Marx came to London in 1849, exiled from his native Germany and from France as a political threat. He remained here for the rest of his life, learning English so that he could write in for English language newspapers, sometimes living in extreme poverty (only three of his seven children survived into adulthood). He was largely supported by his friend Engels. The headquarters of the Communist League also moved to London, and the city became an international centre of the socialist movement.
Marx was from a middle class family. A writer of fiction as well as his best know philosophical works, Marx had studied in Bonn and Berlin, becoming involved in radical left-wing politics. He began to develop his theory that societies naturally go through a process of class struggle, a war between the owners and the workers, and that capitalism would be overthrown by socialism and then communism. He called for the working classes to fight to bring this about.
Marx and Engels met on the radical scene in Paris in 1843. Engels had already lived in England, working for his family business in Manchester, where he wandered the slums, researching his work The Conditions of the Working Class in England in 1844. It was this book that persuaded Marx that the working classes would be crucial in the final revolution that would bring about communism. The two would collaborate on The Communist Manifesto in 1848.
Engels moved with Marx to London, going back to work in Manchester in order to support himself and Marx, whom he saw as an important thinker. During their time in the city they wrote some of their most important works, and were both leading figures in the International socialist movement, putting them under scrutiny from the British authorities.
1. Escaping Poverty: Marx at 36 Grafton Terrace (Formerly no. 9)

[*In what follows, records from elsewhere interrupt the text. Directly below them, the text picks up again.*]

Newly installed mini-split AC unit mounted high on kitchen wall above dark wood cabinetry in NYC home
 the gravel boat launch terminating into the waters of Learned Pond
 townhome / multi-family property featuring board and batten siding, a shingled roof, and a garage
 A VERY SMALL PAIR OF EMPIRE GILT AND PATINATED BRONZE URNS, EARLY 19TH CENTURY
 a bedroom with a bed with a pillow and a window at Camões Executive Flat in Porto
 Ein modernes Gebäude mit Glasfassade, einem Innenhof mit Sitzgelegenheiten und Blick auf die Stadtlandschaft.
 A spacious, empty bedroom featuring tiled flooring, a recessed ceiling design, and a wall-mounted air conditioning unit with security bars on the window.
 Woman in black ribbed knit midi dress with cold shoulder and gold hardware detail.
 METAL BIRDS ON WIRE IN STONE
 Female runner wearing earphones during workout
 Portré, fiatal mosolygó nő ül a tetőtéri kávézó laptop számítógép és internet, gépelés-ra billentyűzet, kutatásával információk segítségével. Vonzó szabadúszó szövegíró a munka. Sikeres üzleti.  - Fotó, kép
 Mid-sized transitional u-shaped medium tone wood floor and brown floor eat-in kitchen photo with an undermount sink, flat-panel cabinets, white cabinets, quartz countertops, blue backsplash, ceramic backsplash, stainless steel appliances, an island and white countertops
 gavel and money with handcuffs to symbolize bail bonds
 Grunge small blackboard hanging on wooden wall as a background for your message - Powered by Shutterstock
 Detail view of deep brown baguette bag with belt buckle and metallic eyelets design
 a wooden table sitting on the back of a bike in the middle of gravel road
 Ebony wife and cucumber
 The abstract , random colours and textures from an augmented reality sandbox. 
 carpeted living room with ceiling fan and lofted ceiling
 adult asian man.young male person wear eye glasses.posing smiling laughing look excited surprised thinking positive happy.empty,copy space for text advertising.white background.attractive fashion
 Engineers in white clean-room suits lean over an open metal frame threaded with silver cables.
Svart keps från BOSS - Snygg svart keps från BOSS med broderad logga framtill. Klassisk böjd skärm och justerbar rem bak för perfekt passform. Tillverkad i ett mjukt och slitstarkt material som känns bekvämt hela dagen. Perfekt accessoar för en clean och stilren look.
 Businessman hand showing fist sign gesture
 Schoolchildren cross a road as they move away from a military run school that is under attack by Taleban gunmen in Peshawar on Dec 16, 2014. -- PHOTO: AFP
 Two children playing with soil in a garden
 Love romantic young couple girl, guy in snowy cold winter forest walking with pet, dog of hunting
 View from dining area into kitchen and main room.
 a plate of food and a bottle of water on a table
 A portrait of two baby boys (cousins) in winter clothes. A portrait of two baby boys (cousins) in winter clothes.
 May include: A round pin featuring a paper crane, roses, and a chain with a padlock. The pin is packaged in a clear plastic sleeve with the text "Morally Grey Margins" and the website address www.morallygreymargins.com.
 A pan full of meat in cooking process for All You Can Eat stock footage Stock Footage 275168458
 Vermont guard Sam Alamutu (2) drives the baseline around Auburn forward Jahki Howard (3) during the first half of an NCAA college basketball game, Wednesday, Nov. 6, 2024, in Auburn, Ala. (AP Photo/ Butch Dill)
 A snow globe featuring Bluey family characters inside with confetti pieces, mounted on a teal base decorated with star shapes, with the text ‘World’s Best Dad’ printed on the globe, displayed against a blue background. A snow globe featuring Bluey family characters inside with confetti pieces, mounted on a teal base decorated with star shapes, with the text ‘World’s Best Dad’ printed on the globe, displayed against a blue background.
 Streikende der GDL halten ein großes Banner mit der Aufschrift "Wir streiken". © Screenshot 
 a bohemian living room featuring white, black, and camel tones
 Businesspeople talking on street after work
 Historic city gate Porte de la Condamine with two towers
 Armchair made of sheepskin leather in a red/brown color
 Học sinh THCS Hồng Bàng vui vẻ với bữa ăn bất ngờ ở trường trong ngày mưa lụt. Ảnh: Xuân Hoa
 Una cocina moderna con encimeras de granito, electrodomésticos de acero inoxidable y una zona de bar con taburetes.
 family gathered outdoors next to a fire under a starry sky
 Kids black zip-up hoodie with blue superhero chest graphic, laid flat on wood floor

Click here for the location. Marx moved to London in 1849 after being exiled from France and Germany as a political thread. His first years in the city were plagued by dire poverty and squalor. In October 1856 the Marx household moved here, to Grafton Terrace near Chalk Farm, escaping the miseries of their former rooms in Dean Street, Soho, where three of their children had died. The move was financed by Marx’s friend Friedrich Engels, who had sold his share in a Manchester factory to fund their joint studies.
The new house had eight rooms, enabling the Marx children to entertain other children from the neighbourhood. Initially, their life was radically improved, but Marx was soon overspending the money he and his wife had inherited from his father, and was soon reduced to begging cash from Engels again. The exterior of building has an appropriate red door, and it remains little changed from when Marx lived there.
The leader of the German workers’ movement, Ferdinand Lassalle, stayed here in 1862 while he was visiting the International Exhibition. He engaged in profligate spending whilst Marx was completely broke, infuriating Marx.
Marx would trundle off from here, taking the omnibus to the British Museum, where he would spend hours in the reading room, researching and writing his great life’s work, Das Kapital.
2. Death of Marx: 44 Maitland Park Road
Click here for the location. The house is gone, but a plaque on a council flat marks the spot where the Marx family, now made up of Marx himself, his wife Jenny von Westphalen, his daughter Eleanor and their maid Helene Demuth, lived from March 1875, a smaller house than their previous address.
Marx was suffering from liver complaints, lung problems, and numerous minor but extremely uncomfortable ailments.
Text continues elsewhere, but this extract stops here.